By Andrea Shalal and Eric Beech
WASHINGTON (Reuters) - U.S. President Joe Biden and German Chancellor Olaf Scholz will focus their discussions on Friday mainly on the war in Ukraine, but could also touch on concerns that China may provide lethal aid to Russia, a senior administration official said.
The two leaders are slated to meet for an hour, including a significant one-on-one component, the official said on Thursday.
"The overarching purpose of this meeting was a chance for the two leaders to be able to coordinate specifically on Ukraine," the official said. "But I think it certainly is possible within the context of a conversation on Ukraine that the China aspect would come up."
The U.S. had not seen evidence that China had provided lethal aid to Russia thus far, but was tracking the situation closely, the official said.
Friday's working-level meeting would give Biden and Scholz a chance to "exchange notes" on their respective, recent meetings with Ukrainian President Volodymyr Zelenskiy and their assessment of the war, now in its second year, the official said.
Scholz, who last visited the White House just before Russia invade Ukraine on Feb. 24, 2022, on Thursday urged China not to send weapons to help Russia's war in Ukraine and appealed to Beijing to exert pressure on Moscow to pull back its forces.

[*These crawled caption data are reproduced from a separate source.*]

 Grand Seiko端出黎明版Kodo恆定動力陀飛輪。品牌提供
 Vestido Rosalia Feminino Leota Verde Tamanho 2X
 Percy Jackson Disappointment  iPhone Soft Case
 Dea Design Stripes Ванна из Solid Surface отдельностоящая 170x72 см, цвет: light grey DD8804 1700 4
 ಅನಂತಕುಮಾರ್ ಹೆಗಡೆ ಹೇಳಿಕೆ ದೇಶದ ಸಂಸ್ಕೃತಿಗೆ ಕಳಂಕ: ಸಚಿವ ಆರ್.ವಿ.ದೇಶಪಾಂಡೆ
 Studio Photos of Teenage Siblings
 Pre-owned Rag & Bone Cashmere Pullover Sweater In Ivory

U.S. Secretary of State Antony Blinken this week said if China provides lethal aid to Moscow for the conflict it will be a serious problem Beijing in its relationship with countries around the world.
China has denied any intention to arm Russia while warning Western nations that have supplying weapons to Ukraine that such support would not bring peace, but would add "fuel to the fire".

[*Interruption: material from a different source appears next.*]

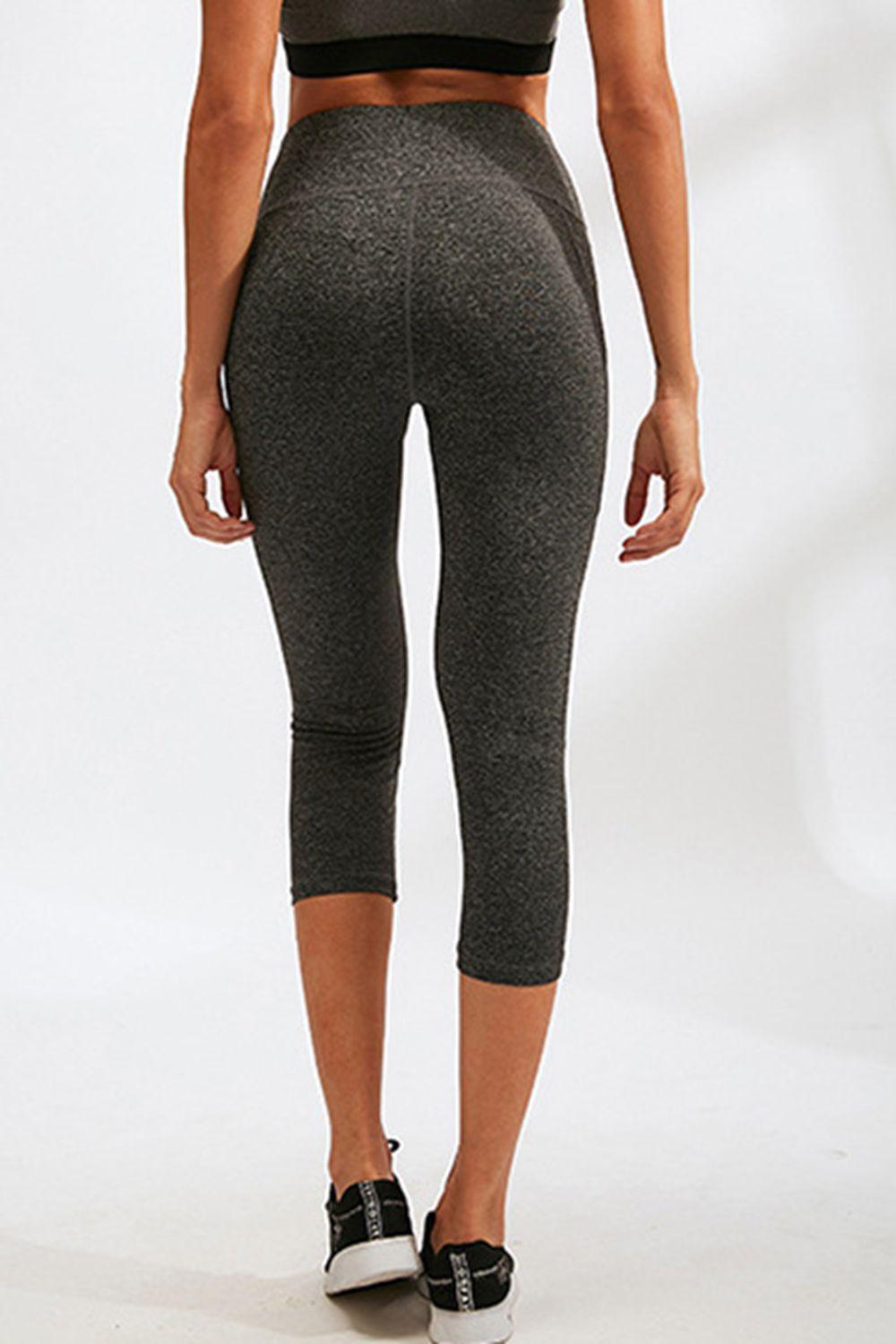Legging de sport slim fit à taille large avec poches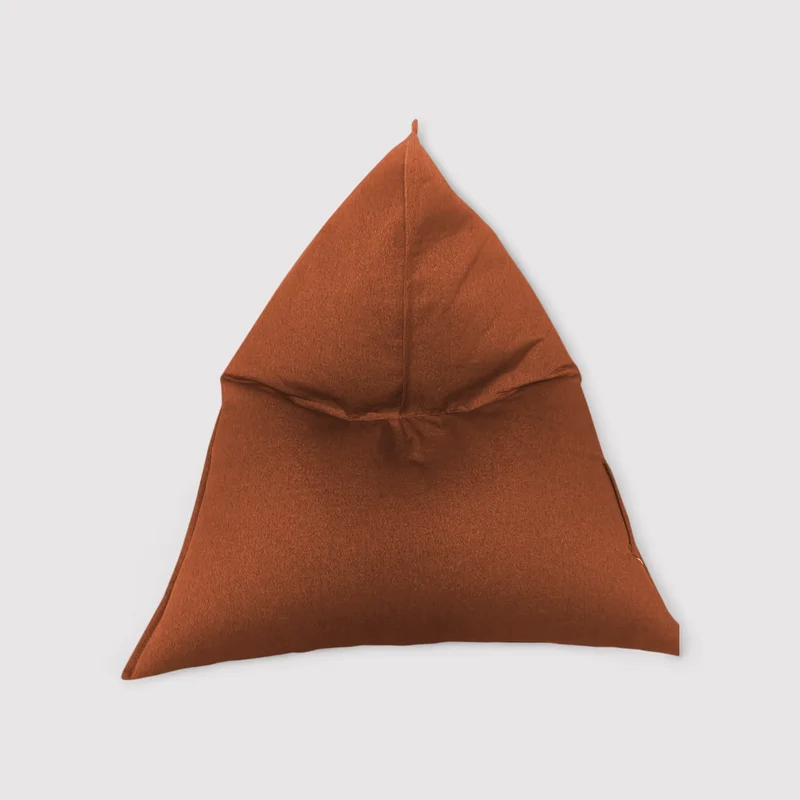 Carambola - Fodera per pouf a sacco arancione da riempire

Washington has been sounding out close allies about the possibility of imposing new sanctions on China if Beijing provides military support to Russia for its war in Ukraine, Reuters reported on Wednesday, citing four U.S. officials.

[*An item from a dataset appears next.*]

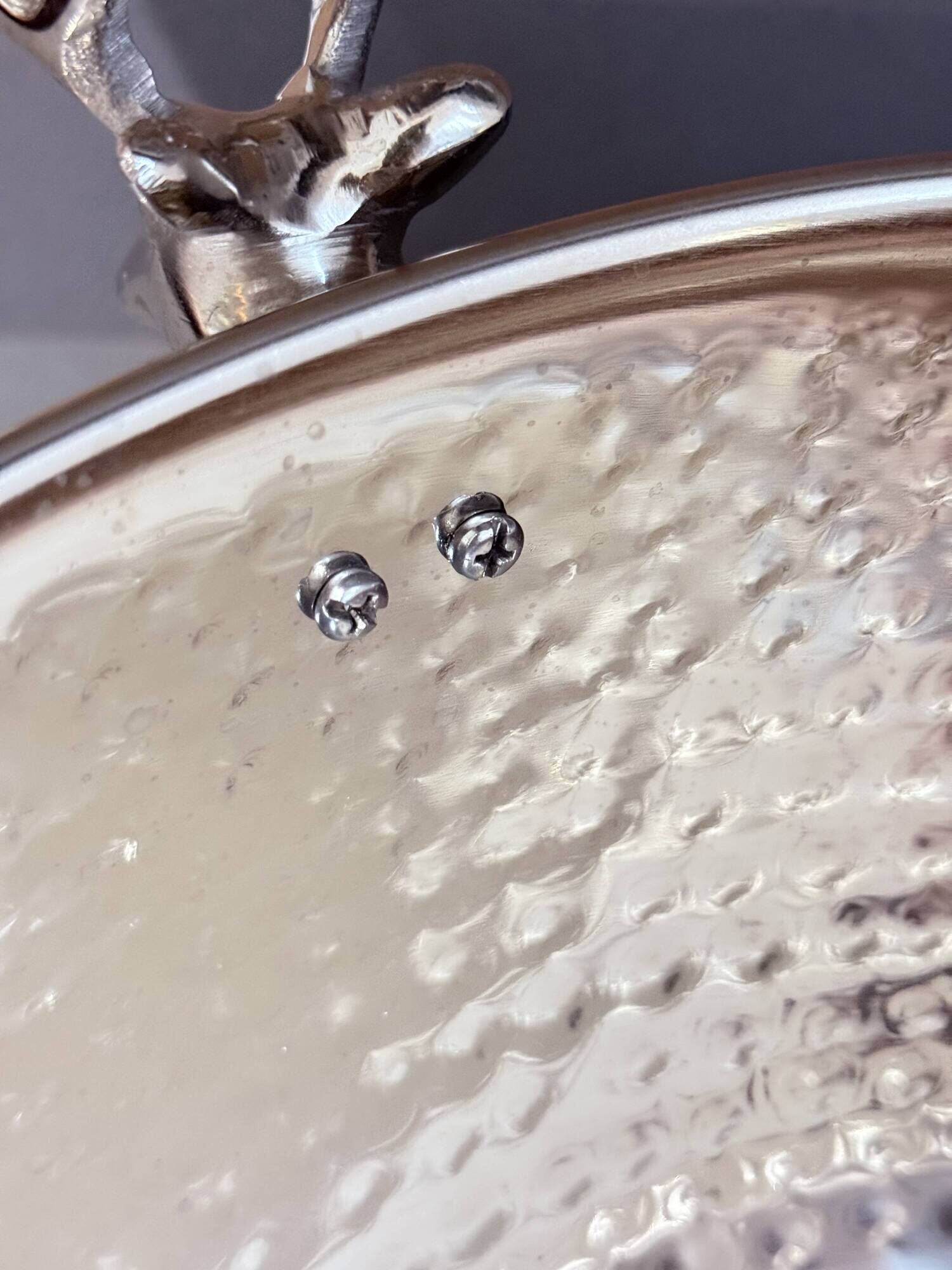Vintage Silver Plate Bowl, Ice Bucket, European Decorative Bowl in the Shape of a Deer Head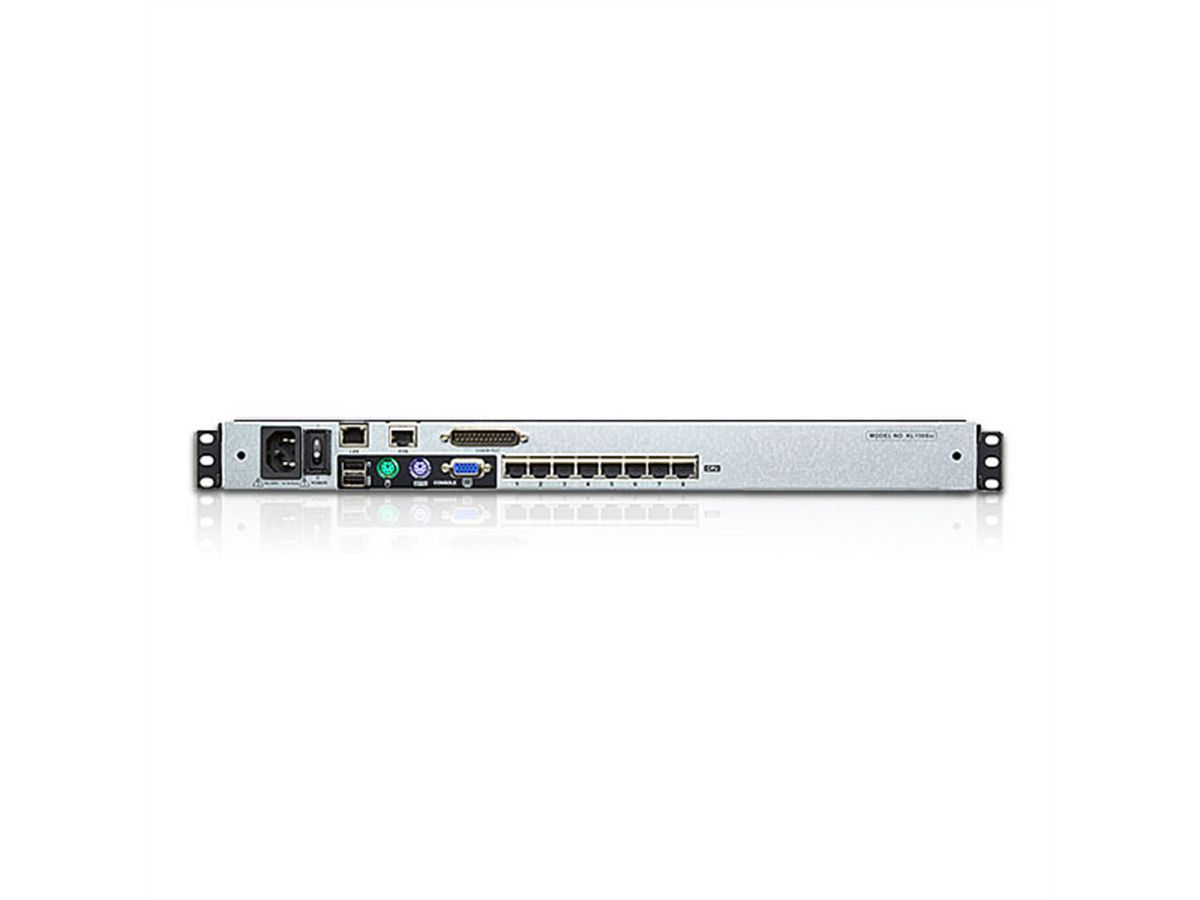 ATEN KL1508AiM KVM Over IP Switch, 8 Port, 43cm LCD, VGA, PS/2-USB, Deutsch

The U.S. officials said Washington had already taken action against third-party actors who were supporting Russia's war against Ukraine and would continue to do so, measures that were expressly endorsed in a recent Group of Seven statement.
"So, very much something that we're engaging on diplomatically with our partners and something that we're already actively taking action on and continuing to discuss," the official said, declining to name any specific countries.